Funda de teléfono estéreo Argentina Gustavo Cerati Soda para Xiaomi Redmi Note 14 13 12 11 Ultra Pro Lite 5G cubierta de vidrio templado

|---|

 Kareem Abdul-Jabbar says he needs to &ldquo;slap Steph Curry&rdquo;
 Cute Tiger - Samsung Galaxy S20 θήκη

|---|

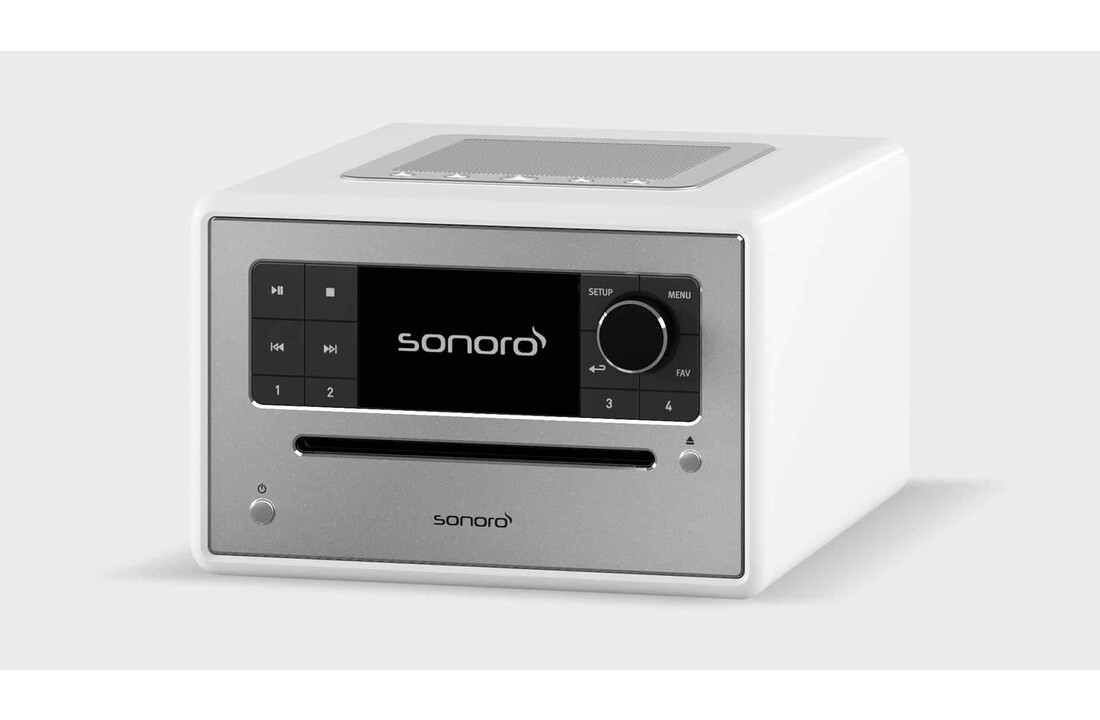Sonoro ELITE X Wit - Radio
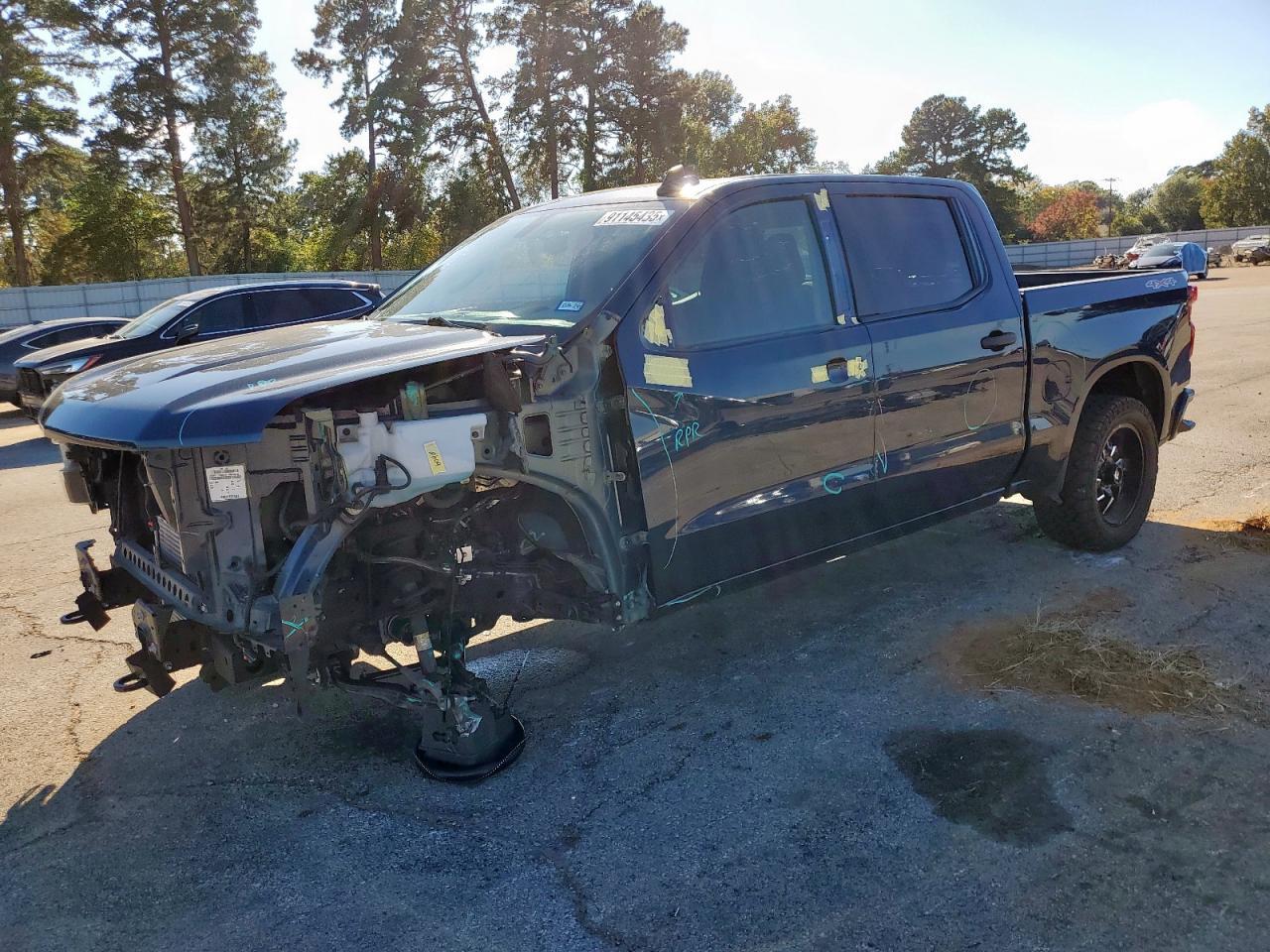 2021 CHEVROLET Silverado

|---|

Would you copy the lines above exactly, starting with the one that has "Sonoro ELITE X Wit - Radio" and ending with the one that has "2021 CHEVROLET Silverado", both included, without the pictures?

▶ _Response_
Sonoro ELITE X Wit - Radio
 2021 CHEVROLET Silverado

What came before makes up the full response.